D. L. : Elles sont difficiles à évaluer justement à cause du manque de visibilité. Mais en supprimant cette taxe, nous perdons une source de revenus : environ 65 millions d’euros dans les Landes, soit la moitié de nos recettes fiscales (131 millions d’euros) pour un budget global de 420 millions d’euros. Si l’Etat décide de remplacer la taxe professionnelle par une dotation, dont il fixera le montant, nous ne pourrons faire varier le taux d’imposition que sur la faible part des recettes fiscales restantes. Actuellement la part des ressources fiscales sur lesquelles les départements peuvent jouer est de 36%, le nouveau texte la fait chuter à 11%, avec les amendements de l’Assemblée nationale le niveau est remonté à 15%, mais c’est peu. Ajoutez à cela, le fait que l’Etat compense déjà mal nos compétences en matière sociale – il nous doit encore 40 millions d’euros pour l’action sociale de l’an dernier – que les revenus des droits de mutations sont en chute libre, et que, globalement, l’Etat ne va augmenter que de 0,6 % le montant de ses dotations, et vous comprendrez que nous allons nous retrouver dans des situations financières difficiles.

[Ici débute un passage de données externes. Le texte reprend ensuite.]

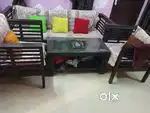 Wooden 5 seater sofa set with center table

@ !: Là-dessus vient s’ajouter la réforme des collectivités territoriales. Est-ce un autre motif de craintes ?
D. L. : Nous la lisons comme une très claire recentralisation du pouvoir. Deux mesures sont particulièrement néfastes pour le département. La disparition de la clause générale de compétence ne ferait que nous affaiblir davantage. Cette disposition permet au département de financer des projets même s’ils ne sont pas dans son domaine de compétence, comme par exemple la LGV pour laquelle l’Etat nous demande 86 millions d’euros sur notre budget total d’investissement de 100 millions ! Si cette clause est supprimée comme prévu, alors nous serons privés de notre capacité d’action au niveau local parce que nous ne pourrons plus financer de gros projets ni maintenir le montant des subventions versées au monde associatif, culturel et sportif, les premières à chuter en cas de restrictions budgétaires. Nous envisageons d’ailleurs une baisse de 10% des subventions de fonctionnement. L’autre coup porté au département, c’est le conseiller territorial unique. Ce dernier, qui devra couvrir le département et la région, va passer sa vie sur les routes et ne sera pas plus efficace que le système actuel. En plus, le projet prévoit une hausse de 20% de son indemnité alors que le gouvernement dit faire la réforme par souci d’économies !


@ !: Quelle est la marge de manœuvre des départements pour faire évoluer le projet de loi ?

D. L. : Nous essayons de faire entendre notre voix par l’intermédiaire des organisations représentatives, notamment l’Assemblée des départements de France. Mais le président de la République a toutes les cartes en mains. Le Sénat pourra bien ajouter quelques amendements, la réforme sera votée sans problème. Notre seul espoir vient du Conseil constitutionnel. Etant donné les réserves émises par le Conseil d’Etat dans son avis du 15 octobre, on peut s’attendre à ce que le Conseil constitutionnel, qui examine la conformité des projets de loi avec la Constitution, retoque le texte. Mais le fait de remettre tous nos espoirs entre ses mains, montre que notre situation est désespérée.